Three photographs lined side by side showing five dark-skinned teenagers from the torso up.

For Dawoud Bey, portraiture is a process through which the artist and the sitter meet in the middle. Each portrait begins with Bey gaining consent from someone to serve as his sitter. From there, Bey takes the time to become familiar with them by engaging in conversation, so that his camera can do more than record an artificial impression. He then works to render the subtleties of his sitter’s gestures, posture, and expression, all within the rectangular space of a photograph. Gaining the sitter’s trust is essential for Dawoud Bey, yet so is fully capturing them within a photograph.

Since the late 1970s, Dawoud Bey has taken Black people and young people as his subjects, chiefly because they are not fully acknowledged by society. As Bey works dialogically with his subjects, his photographs capture their eyes as windows onto the person within. Critically, Bey brackets any “othering” perspective—his photographs do not entertain stereotypes, nor do they look down from Bey’s adult vantage. Bey’s subjects sit eye-to-eye with the camera lens, fully present and fully of their personalities.

Over several decades, Bey has repeatedly photographed the youth of Chicago’s South Side. In the 1990s, he invited them into his studio, seating them against single-hued studio walls and fragmenting their faces across multiple 20 x 24-inch Polaroids. In the early 2000s, he took street photography of South Side youth as he came across them, leaning against a bicycle handle or waiting on steps; he blurred the grass behind them while bringing their expressions into clear focus. He met them in high school classrooms, elbows on their desks as though they had settled into class. Along the way, Bey aimed to inform and transform his sitters’ relationship to art. He led community workshops in which he distributed cameras to young people and taught them both basic photography skills and how to take up a critical lens upon the mass media. In multiple exhibitions and publications, he invited sitters to write short narratives to appear alongside their portraits or make audio recordings that would fill viewers’ ears as they observed their portraits on gallery walls—or even perform a curatorial role by selecting other artworks to contextualize their portraits.

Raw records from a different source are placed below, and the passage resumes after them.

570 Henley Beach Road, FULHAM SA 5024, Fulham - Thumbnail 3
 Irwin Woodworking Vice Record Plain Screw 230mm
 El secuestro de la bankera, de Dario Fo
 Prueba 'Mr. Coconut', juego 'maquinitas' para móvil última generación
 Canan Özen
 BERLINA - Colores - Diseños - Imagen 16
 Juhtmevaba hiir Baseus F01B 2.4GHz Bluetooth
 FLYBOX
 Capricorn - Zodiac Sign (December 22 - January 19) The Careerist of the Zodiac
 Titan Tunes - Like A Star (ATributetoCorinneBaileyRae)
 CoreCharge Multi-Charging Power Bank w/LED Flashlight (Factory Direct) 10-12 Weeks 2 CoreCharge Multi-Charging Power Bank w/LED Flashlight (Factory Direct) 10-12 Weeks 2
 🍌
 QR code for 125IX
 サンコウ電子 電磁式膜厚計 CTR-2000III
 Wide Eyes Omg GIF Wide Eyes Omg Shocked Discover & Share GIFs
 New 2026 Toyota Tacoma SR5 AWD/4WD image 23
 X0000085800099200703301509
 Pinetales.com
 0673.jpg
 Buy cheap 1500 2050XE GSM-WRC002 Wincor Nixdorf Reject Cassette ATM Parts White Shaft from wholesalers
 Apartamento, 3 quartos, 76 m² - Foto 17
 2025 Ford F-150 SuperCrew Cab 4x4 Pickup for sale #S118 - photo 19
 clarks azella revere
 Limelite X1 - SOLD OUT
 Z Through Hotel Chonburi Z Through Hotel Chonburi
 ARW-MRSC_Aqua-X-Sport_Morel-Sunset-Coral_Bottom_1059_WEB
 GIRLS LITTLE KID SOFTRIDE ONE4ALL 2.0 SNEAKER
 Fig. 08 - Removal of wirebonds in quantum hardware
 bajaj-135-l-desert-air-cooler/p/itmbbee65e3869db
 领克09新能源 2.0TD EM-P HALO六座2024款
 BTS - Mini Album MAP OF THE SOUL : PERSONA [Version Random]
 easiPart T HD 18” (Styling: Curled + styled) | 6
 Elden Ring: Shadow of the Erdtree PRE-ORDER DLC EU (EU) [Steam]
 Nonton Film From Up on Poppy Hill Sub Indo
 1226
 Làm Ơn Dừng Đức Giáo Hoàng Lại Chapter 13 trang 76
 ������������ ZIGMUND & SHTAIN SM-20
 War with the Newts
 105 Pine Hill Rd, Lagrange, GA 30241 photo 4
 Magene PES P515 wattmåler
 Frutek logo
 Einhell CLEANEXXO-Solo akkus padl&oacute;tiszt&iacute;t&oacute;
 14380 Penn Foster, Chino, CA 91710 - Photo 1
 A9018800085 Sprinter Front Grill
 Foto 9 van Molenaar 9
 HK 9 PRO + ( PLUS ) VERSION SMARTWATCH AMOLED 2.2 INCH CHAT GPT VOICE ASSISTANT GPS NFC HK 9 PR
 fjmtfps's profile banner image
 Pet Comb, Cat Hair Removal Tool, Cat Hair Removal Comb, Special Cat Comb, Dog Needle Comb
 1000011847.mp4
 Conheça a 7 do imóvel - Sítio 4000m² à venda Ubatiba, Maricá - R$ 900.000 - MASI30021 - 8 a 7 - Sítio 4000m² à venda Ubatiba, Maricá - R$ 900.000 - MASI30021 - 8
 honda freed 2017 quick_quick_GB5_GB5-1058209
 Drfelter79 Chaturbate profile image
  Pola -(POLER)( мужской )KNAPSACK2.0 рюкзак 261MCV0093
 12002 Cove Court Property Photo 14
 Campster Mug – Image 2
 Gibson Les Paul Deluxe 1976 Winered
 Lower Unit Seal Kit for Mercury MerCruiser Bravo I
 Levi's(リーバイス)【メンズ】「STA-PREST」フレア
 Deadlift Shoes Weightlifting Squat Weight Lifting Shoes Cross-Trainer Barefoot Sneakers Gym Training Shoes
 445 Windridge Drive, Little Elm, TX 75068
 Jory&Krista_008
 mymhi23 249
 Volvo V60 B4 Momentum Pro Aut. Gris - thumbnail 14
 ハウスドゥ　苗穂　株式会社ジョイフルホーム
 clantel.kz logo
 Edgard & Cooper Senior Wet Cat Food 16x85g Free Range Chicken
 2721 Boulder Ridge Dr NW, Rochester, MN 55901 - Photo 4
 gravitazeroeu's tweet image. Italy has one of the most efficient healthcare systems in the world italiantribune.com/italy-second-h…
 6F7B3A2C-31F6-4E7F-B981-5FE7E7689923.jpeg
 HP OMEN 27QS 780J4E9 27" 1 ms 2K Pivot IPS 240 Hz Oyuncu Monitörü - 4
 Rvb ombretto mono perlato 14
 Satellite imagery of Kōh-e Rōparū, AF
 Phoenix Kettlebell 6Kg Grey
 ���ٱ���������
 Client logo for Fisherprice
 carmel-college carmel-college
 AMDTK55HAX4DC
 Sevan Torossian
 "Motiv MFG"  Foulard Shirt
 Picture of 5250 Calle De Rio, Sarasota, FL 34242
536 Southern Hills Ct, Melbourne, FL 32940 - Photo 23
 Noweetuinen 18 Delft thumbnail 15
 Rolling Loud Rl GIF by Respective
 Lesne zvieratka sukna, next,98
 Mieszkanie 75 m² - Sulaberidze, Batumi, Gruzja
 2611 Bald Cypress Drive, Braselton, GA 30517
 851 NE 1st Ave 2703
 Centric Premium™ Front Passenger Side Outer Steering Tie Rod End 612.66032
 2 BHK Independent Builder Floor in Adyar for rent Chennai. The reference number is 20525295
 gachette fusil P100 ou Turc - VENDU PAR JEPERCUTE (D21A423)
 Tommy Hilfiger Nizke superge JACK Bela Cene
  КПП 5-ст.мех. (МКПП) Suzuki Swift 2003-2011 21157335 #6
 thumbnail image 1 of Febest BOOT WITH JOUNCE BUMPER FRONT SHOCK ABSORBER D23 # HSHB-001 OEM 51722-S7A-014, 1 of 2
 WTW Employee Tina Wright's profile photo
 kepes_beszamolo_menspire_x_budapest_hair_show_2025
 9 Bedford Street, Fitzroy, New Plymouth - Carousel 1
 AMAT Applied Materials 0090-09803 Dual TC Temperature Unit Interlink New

In recent years, Bey’s practice has matured to more fully take history into consideration. He took portraits of the real estate development that has recently gentrified Harlem’s streets, of girls the same age as those who died in the 1963 bombing of a Baptist church in Birmingham, of the paths and places slaves once encountered on the Underground Railroad. Yes, many of these photographs are technically “landscapes”—but they stem from the portraiture practice Bey developed over 40 years. Just as he engaged young sitters in dialogue, so too did he get to know these events through extensive research and prolonged observation. Through his photographs, we come to more intimately know these events and see how they shape the present, just as we came to know the presence of Bey’s early subjects.